We’ll know in a few days how much progress has been made. Georgia faces Auburn on Saturday and Georgia Tech on Nov. 30. Both offenses are run-heavy and pass-light, which plays into the Bulldogs’ relative strength and diminishes the chances of more secondary mayhem. It’s one reason oddsmakers have made the No. 7 and 9-1 Tigers a relatively modest favorite (3 1/2 points) over the No. 25 and 6-3 Dogs.

The remainder of the season will decide more than bowl slots (and potentially, in Athens nirvana, the SEC East). It also somewhat is a referendum on defensive coordinator Todd Grantham.

Grantham will have one year ($850,000) remaining on his contract after this season. With the backdrop of a relatively unimpressive tenure — because even the 2012 defense underachieved, given the amount of NFL talent on the roster — it’s doubtful UGA will extend his deal. That leaves three scenarios: 1) Grantham leaves on his own for another job; 2) Grantham gets fired; 3) Georgia brings him back, but makes him prove he’s worth keeping beyond 2014.

It’s easy to forget, but after the firing of the oft-maligned Willie Martinez, Grantham was no higher than Richt’s fourth choice to replace him. The school attempted to lure Bud Foster (Virginia Tech), John Chavis (LSU) and Ellis Johnson (then at South Carolina), but all three said no, instead using the offers to leverage themselves for raises. Grantham/his agent have done a masterful job making people believe he might leave in the past two years, potentially going back to the NFL. But he’s not in a position of negotiating strength now.

He can help himself these next few weeks, starting in the Auburn game. Richt said Tuesday, “I just think everybody is playing their responsibilities better. I think we’re tackling better. We’ve come together and made improvement as a whole.”

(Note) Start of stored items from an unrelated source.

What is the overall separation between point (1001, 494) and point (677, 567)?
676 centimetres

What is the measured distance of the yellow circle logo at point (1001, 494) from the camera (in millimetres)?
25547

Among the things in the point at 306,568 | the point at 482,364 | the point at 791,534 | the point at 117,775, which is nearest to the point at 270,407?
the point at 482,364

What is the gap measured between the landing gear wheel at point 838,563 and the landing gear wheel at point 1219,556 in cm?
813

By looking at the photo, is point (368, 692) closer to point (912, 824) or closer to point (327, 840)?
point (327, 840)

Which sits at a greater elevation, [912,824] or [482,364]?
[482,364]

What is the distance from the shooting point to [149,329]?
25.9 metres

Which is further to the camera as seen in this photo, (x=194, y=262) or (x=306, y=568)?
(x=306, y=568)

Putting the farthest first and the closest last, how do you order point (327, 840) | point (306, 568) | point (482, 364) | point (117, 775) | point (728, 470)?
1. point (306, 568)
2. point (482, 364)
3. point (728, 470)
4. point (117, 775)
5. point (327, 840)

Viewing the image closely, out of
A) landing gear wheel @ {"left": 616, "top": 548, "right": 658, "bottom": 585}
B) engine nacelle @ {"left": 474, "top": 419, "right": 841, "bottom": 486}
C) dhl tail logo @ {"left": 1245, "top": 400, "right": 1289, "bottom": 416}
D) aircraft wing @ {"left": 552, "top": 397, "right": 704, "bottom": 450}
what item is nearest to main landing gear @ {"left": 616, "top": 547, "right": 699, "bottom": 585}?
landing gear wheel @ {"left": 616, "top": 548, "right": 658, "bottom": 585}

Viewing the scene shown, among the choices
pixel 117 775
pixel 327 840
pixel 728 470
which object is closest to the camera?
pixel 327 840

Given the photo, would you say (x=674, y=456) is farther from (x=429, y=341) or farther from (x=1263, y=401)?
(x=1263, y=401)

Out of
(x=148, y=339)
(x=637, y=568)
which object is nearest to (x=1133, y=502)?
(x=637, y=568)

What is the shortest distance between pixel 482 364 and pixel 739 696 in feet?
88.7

Otherwise, he seemed guarded when asked about the defense, and seemingly everything else. Since the high of the win over LSU in Week 4, this has ceased being a season for grand proclamations. Injuries, a home loss to Missouri and a punch to the gut at Vanderbilt followed. They fell from No. 6 in the rankings to off the radar.

“When you drop out of the Top 25, you drop out of the national conscience to a certain degree,” Richt said.

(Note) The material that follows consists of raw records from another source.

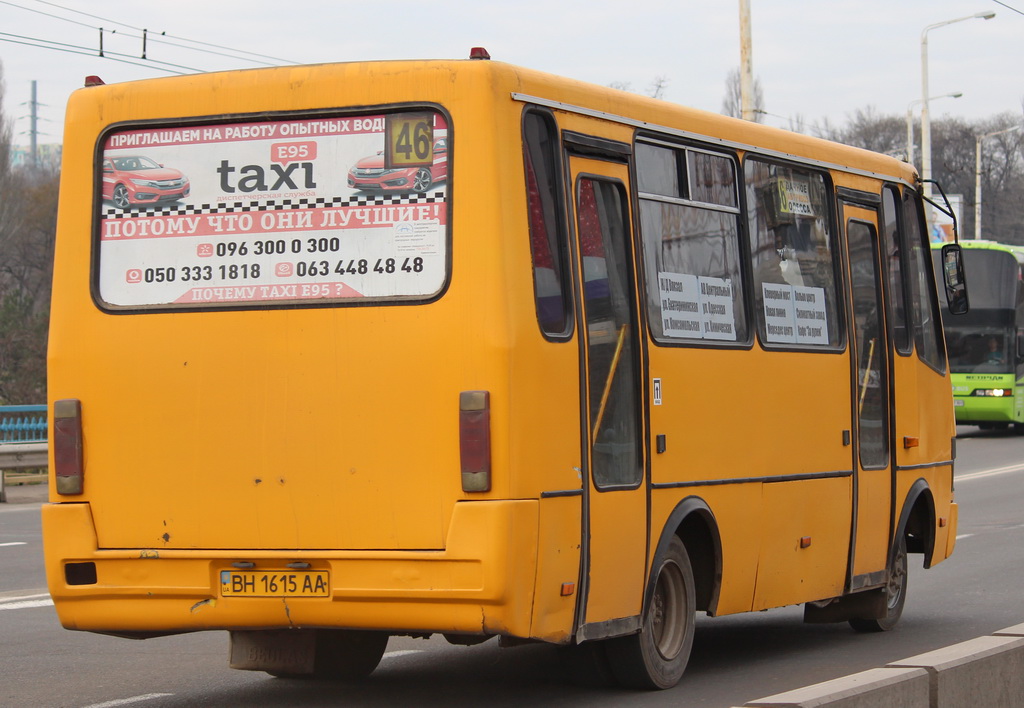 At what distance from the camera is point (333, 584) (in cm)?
685

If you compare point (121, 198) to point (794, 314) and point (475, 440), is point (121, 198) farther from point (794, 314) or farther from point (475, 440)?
point (794, 314)

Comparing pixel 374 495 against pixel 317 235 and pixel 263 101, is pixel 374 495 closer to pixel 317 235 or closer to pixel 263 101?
pixel 317 235

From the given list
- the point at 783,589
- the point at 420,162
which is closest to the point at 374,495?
the point at 420,162

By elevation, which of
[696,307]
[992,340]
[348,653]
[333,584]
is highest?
[992,340]

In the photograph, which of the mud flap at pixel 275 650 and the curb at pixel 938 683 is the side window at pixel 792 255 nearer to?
the curb at pixel 938 683

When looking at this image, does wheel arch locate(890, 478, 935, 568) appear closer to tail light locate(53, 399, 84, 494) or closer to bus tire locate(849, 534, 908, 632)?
bus tire locate(849, 534, 908, 632)

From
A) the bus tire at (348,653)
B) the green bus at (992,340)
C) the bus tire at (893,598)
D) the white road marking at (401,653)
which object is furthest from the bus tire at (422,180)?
the green bus at (992,340)

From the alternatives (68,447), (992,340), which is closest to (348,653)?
(68,447)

Defensive end Ray Drew initially balked at commenting on the significance of the Dogs’ defensive improvement the past two games. First, he gave a programmed response: “Just looking at it statistically in the last few games, I know that things have been better. We’re going to move forward, and then we’re going to be fine.”

Then, he laughed (probably sensing the eye rolls).

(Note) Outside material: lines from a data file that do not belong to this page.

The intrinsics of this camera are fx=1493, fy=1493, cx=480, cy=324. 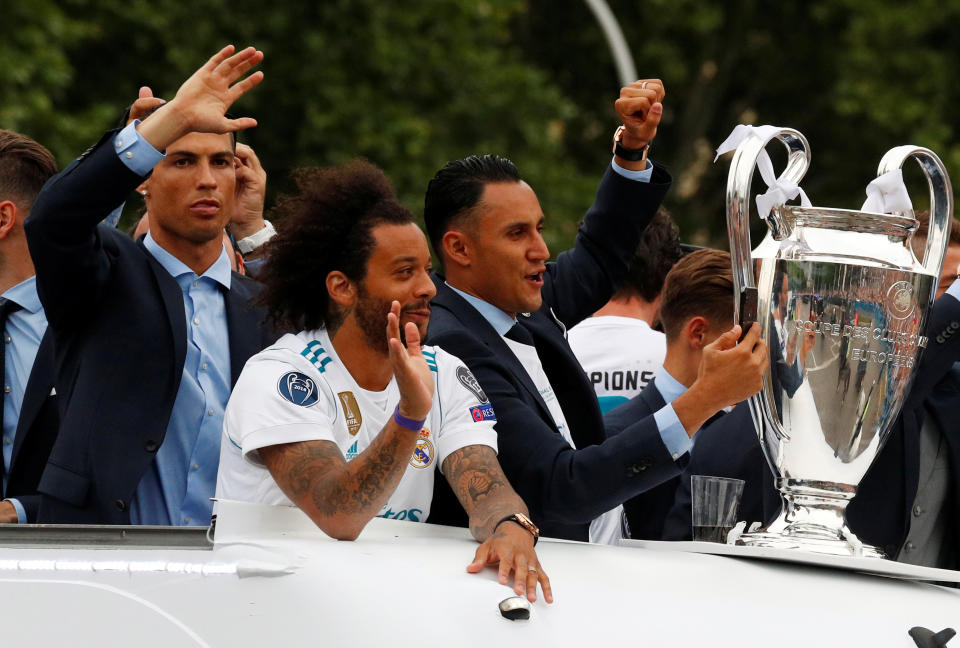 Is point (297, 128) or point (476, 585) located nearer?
point (476, 585)

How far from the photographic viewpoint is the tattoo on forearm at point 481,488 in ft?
9.28

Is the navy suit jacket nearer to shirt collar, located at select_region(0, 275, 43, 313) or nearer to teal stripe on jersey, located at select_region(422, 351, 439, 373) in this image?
teal stripe on jersey, located at select_region(422, 351, 439, 373)

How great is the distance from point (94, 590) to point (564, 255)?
7.82ft

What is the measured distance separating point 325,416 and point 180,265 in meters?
0.97

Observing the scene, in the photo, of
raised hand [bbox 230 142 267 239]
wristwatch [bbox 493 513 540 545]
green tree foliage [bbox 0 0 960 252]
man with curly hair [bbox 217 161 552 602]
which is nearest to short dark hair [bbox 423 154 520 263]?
man with curly hair [bbox 217 161 552 602]

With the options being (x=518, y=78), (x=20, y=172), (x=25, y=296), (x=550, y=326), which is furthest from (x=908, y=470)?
(x=518, y=78)

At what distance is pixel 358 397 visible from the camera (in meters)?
3.05

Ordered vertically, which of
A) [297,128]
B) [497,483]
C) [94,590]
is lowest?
[94,590]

Me: Is that you not answering the question?

Drew: “Yes, exactly.”

Me: Do you wonder yourself how much progress has been made?

Drew: “I don’t know how to word that.”

Me: Honestly?

Drew (after long pause): “I do feel that we’ve done better. But this weekend will tell a lot because they are a stronger opponent than we’ve seen offensively in the past few weeks. So this will be a tell-tale game.”

Drew believes the biggest turnaround has been with Georgia’s freshmen, many of whom were out of position and/or missed tackles in the first several games.

“You come in here off of recruiting, you’re on top of the world and then you realize it’s a completely different level, a completely different beast,” Drew said. “Once we got everyone settled down and realized where we were at things began to take root.”

Senior nose tackle Garrison Smith echoed the sentiment: “You have to expect (mistakes) when you’re playing a whole lot of freshman. They want to make every tackle. They want to make every play. They want to get on the highlight reel. But they cause other mistakes because they’re not where they’re supposed to be. It’s just growing pains.”

As to whether that’s in the past, it’s probably best to hold off on conclusions for a few weeks.